望潮亭通信

無常なる世界を見るは楽しかり

子供の悲惨な写真

 数年前にシリア北部アレッポで、反体制派が支配する地域にアサド政府軍とロシア軍によるとみられる空爆が続き、少なからぬ民間人の死傷者が出ていると報じられた。欧米メディアでは、崩れたビルから救出された子供の姿など、悲惨さを強調し、同情心を煽る写真が大きく扱われた。

 アレッポから悲惨さを伝える情報発信が行われるのは、国際的な人権組織が入って活動していたからだ。アサド政権の支配地域では活動に制約があるということなので情報は乏しく、おそらく米軍主導の有志連合がISに対して行うという空爆によっても民間人に被害が出ている可能性があるが、それらの地域での悲惨さはほとんど伝えられない。

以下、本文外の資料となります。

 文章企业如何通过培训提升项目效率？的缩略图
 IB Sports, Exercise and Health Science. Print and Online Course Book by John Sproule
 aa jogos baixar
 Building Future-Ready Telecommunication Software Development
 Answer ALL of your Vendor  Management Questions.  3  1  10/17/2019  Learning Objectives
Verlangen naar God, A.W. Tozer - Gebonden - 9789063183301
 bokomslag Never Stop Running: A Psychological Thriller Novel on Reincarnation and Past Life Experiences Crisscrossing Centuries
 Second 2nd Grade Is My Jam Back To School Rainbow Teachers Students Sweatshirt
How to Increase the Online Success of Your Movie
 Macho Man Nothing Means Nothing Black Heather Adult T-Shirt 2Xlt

 新聞やテレビ以外にネットによる情報発信も活発になったが、情報源に制約があり、特定の意図に沿った情報誘導が行われることも珍しくない。シリア内戦に関して膨大な情報が発信されているが、それらの情報を熱心にフォローしたとしても、シリア内戦の正確な偏らない全体像が構築できるとは限らない。民間人の犠牲の悲惨さに心を痛め、同情するのは自然だろうが、同情するように情報操作されている可能性がある。

 欧州メディアには「前科」がある。ボスニアコソボの紛争で、子供を含む家族の殺害された写真や女性の被害など、対立する一方の側の被害だけを強調して世論を誘導し、NATOの介入などへ道を開いた。メディアに特定の意図はなく、その時々のニュース価値だけで判断していたのかもしれないが、結果として、対立する一方の側の暴力に対する批判だけを高めることに協力した。

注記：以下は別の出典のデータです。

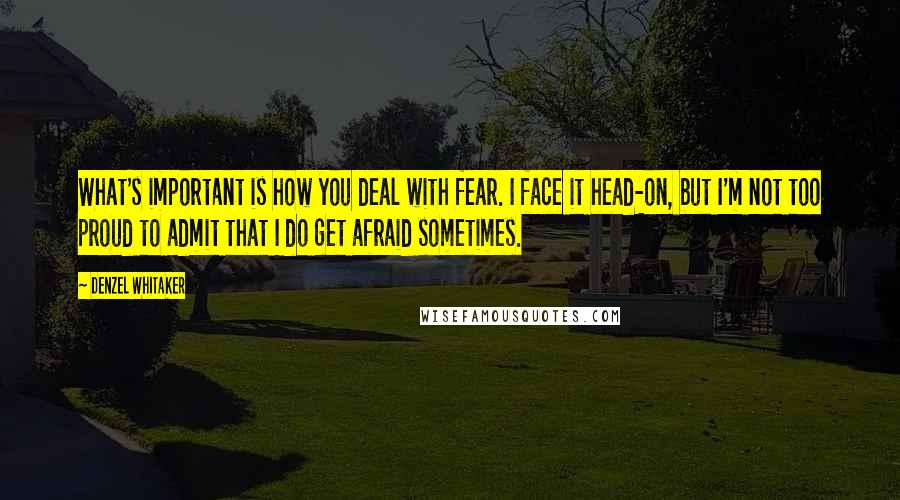 Denzel Whitaker quotes: What's important is how you deal with fear. I face it head-on, but I'm not too proud to admit that I do get afraid sometimes. Denzel Whitaker quotes: What's important is how you deal with fear. I face it head-on, but I'm not too proud to admit that I do get afraid sometimes.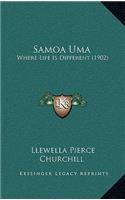 Samoa Uma: Where Life Is Different (1902)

 傷ついた子供の写真を見せられると、人は感情を揺すぶられる。助けてあげたい、救ってあげたいとの思いを刺激されるが、写真に写った傷ついた子供は遥か遠くの土地にいるので、何もしてあげられない。その種の無力感は、例えば、空爆を行っている国や組織に対する怒りを増幅させよう。傷ついた子供がいるのだから怒りには正当性が与えられようし、感情に支えられた正当性は、相手側に対する攻撃(反撃)を正当化したりする。

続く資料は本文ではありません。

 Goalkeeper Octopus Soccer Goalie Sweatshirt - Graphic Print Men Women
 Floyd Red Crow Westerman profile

 子供を傷つけているような国や組織に対する攻撃が行われると、そこでも傷つき、死ぬ子供たちや民間人が出るのだが、そのような写真が発信されたとしてもメディアはもう取り上げないだろう。非道な「敵」に「罰」を与えることを支持するように世論を形成したなら、それに疑いを持たせるような報道は控えられる。メディアが正義を言い立てて、「戦いの正当性」を批判しなくなることは珍しいことではない。

 悲惨な子供の写真といえば、内戦のシリアから逃れギリシャを目指したボートが転覆し、トルコの海岸に打ち上げられた3歳児の溺死写真を欧州メディアは大きく取り上げた。これで、悲惨な状況にあるシリア難民に対する同情が一気に高まり、世論に押されて欧州各国が難民受け入れに積極的になり、各国が大量の難民を受け入れ始めた……とは、ならなかった。遠く離れた土地での子供には同情するだけで済むが、実際に負担を伴うとなると感情に動かされてばかりもいられないということか。